Seminar++ meetings consist of a one-hour lecture building up to an open problem, followed by an hour of brainstorming time. The meeting is intended for interested researchers including PhD students. These meetings are freely accessible without registration. Cookies and tea will be provided in the half-time break.
This lecture is part of a series of 8.
Alexander Ly
Postdoc at the Centrum Wiskunde & Informatica.

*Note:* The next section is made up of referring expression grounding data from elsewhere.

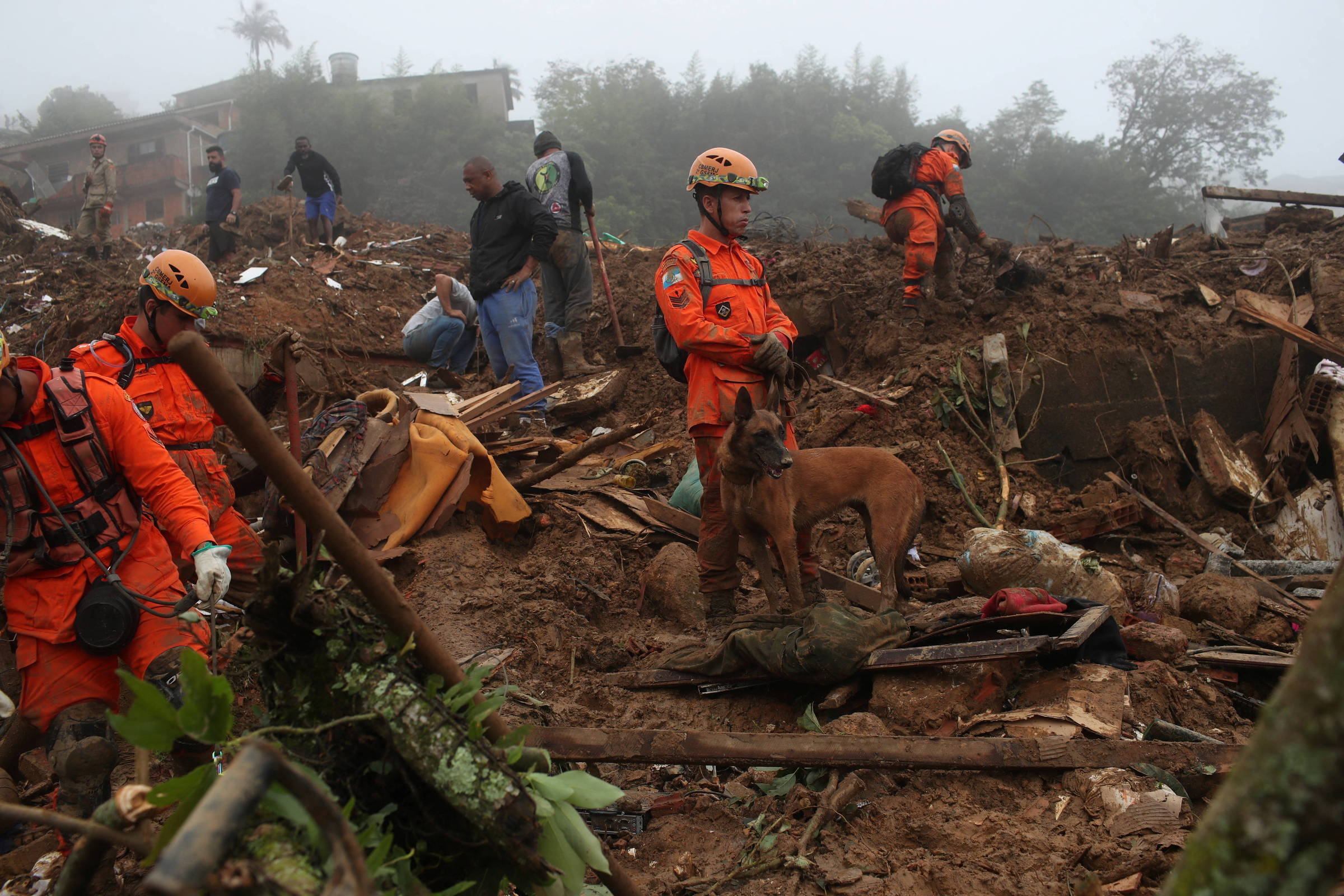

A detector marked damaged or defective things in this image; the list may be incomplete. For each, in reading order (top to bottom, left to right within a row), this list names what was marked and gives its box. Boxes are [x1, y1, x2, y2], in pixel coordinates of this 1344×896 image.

broken wooden beam [1204, 185, 1344, 209]
broken wooden beam [1231, 305, 1344, 368]
rusty metal rod [283, 352, 307, 567]
rusty metal rod [166, 333, 640, 896]
broken wooden beam [526, 725, 1236, 773]
rusty metal rod [529, 725, 1242, 773]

Abstract: The safe anytime-valid inference framework based on e-values allows practitioners to adaptively design their experiments and draw more reliable conclusions compared to conventional p-value-based approaches. The presentation begins with a concise overview of the recently developed general theory of e-values and the various procedures to construct them. In order to distinguish among the different e-values, Grünwald, de Heide and Koolen (2019) introduced the GROW criterion along with a general procedure specifically designed to construct the optimal e-value according to this criterion. Practical considerations and the context of the statistical problem itself might lead us to deviate from recommending this so-called GROW e-value. We shed light on the choices we made when constructing e-values for fundamental classical inference problems, such as z-tests, t-tests, one-way ANOVAs, and (generalised) linear models. Our objective is to investigate the potential generalisability of these context-specific solutions to a broader range of inference problems in hope to expand the practicality and versatility of safe anytime-valid inference.